• _Required action_: The lines from the start of the data up to and including the one with "Image 30 of 41 For 25615 Velvet Rose" should be returned exactly, and nothing else.

• _Supplied material_:
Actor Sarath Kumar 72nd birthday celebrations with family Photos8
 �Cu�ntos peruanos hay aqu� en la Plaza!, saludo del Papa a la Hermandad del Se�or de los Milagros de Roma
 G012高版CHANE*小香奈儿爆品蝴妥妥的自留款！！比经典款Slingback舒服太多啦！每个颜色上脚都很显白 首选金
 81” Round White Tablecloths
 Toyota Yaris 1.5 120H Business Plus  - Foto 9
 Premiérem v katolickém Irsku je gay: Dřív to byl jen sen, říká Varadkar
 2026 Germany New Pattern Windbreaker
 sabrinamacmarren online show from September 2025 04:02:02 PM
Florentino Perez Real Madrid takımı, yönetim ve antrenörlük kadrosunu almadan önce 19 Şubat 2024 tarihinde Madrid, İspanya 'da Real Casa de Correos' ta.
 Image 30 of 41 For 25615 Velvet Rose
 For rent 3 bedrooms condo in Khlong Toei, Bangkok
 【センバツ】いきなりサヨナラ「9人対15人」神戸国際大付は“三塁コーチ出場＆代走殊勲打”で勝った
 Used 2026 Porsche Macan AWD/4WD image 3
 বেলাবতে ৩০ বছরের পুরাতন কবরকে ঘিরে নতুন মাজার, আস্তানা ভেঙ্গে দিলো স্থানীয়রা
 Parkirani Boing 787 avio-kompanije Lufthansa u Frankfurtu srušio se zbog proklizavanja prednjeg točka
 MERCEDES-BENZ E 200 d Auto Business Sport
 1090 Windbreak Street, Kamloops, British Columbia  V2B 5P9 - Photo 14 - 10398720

• _Answer section_:
Actor Sarath Kumar 72nd birthday celebrations with family Photos8
 �Cu�ntos peruanos hay aqu� en la Plaza!, saludo del Papa a la Hermandad del Se�or de los Milagros de Roma
 G012高版CHANE*小香奈儿爆品蝴妥妥的自留款！！比经典款Slingback舒服太多啦！每个颜色上脚都很显白 首选金
 81” Round White Tablecloths
 Toyota Yaris 1.5 120H Business Plus  - Foto 9
 Premiérem v katolickém Irsku je gay: Dřív to byl jen sen, říká Varadkar
 2026 Germany New Pattern Windbreaker
 sabrinamacmarren online show from September 2025 04:02:02 PM
Florentino Perez Real Madrid takımı, yönetim ve antrenörlük kadrosunu almadan önce 19 Şubat 2024 tarihinde Madrid, İspanya 'da Real Casa de Correos' ta.
 Image 30 of 41 For 25615 Velvet Rose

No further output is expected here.